If your living room doesn’t have a natural focal point, such as a cozy fireplace or a picture window with a scenic view, create one with an exceptional piece of furniture or a large coffee table arrayed with interesting objects. Wherever the focal point is, surround it closely with seating so that people will not feel as if they are sitting around the fringes of the room.
Ease the Transition
If the front door of the house opens directly into the living room, create a mini-foyer by installing a tall bookcase or storage unit a few feet back from the door. This visual break will provide a boundary between the entryway and the rest of the room, allowing a more comfortable transition for people coming into the room from outdoors.
Lighter Looks Bigger
To add a spacious feeling to a small room, use light colors for the walls, rugs, and furniture and a few darker shades for accents. Instead of a dark floor, consider a pickled finish—provided the look fits with the decor.
As an alternative to the space-eating clutter of table lamps or floor lamps, mount lighting fixtures on the walls. Called sconces and available in many styles, these wall fixtures can light a dark corner or illuminate an entryway. Pair them up to enhance a picture or to add importance to a fireplace mantel. Use several to cover a large space such as a long wall.
When light is bounced off the ceiling, it creates an illusion of openness that can make a small room magically appear larger. For the best effect, install several upward-facing sconces, or a row of lights hidden by a valance or a molding, about two feet below the ceiling.

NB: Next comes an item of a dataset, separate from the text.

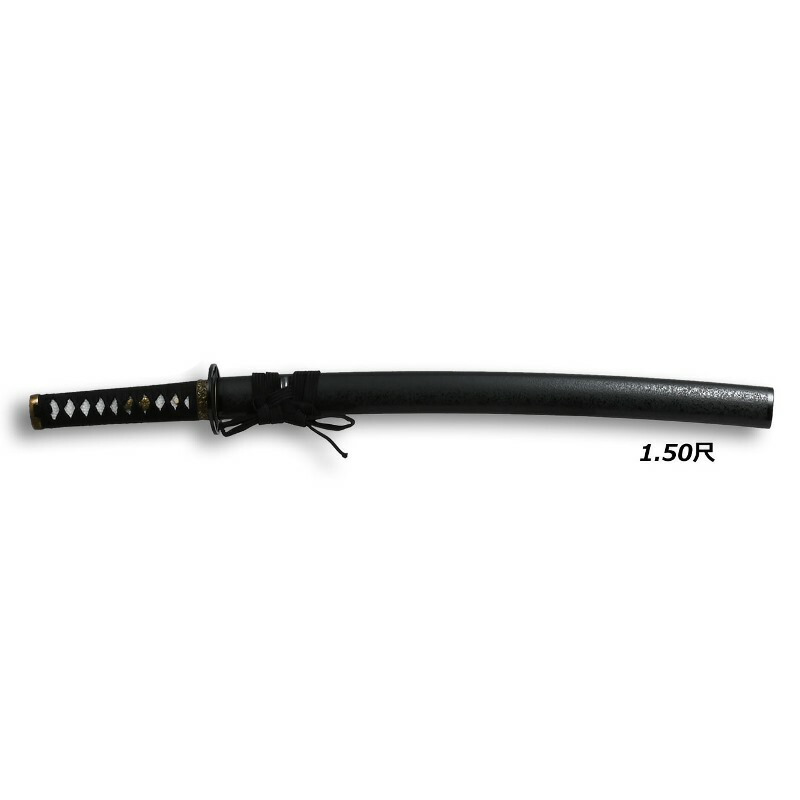 【軽量アルミ刀身】模造刀 小太刀 鍔 模擬刀 sword 舞踊刀 日本刀 刀剣 31slJqStPjL.jpg_BO30,255,255,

When installing sconces along a staircase pick a style that doesn’t expose the light bulbs, so that they won’t be visible to those ascending or descending the stairs.
If the TV and VCR are in the living room, place them on a wheeled cart that can be rolled out, or hide them in an elegant cabinet. That way they won’t be so intrusive when company comes.
Have a Seat
Always have extra chairs on hand when entertaining a larger group by storing a couple of hassocks underneath a long, narrow table set against a wall. Cover the hassocks with a bold, bright fabric if the room needs some color. The table can hold a set of collectibles or a favourite work of art, and double as a dessert or coffee buffet at the end of special meals.
When purchasing upholstered furniture, buy pieces with cushions stuffed with durable high-density material. Hint: Look for cushions that have a domed shape. The dome will flatten eventually, but it does indicate the presence of firm polyfoam inside.
Installing a new hearth? Check with the local building inspector first. The dimensions are critical for safety, and are usually specified in the building code.
Fireplace in a Hurry
Zero-clearance wood-burning fireplaces can be installed on any wall with minimal hassle, usually without building in additional floor support. The prefabs are more energy-efficient than their hand-built masonry counterparts, and they’re reasonably priced.
Natural-gas fires can add clean, convenient heat and the welcoming look of a cozy hearth to a room where there is no existing fireplace. Prefabricated direct-vent gas fireplaces can be mounted on any wall where there is access to a gas line, and can be vented through a metal chimney channel.
Fit a piece of painted lattice in the opening of an unused fireplace, and let an ivy plant or some other vine twine its way through it.
Hide the Hearth
Decorate an unused fireplace during summer by planting a container garden in it. Fill the hearth with potted plants from the patio, rotating them so none is deprived of sun for too long. Place saucers under the pots to catch drips.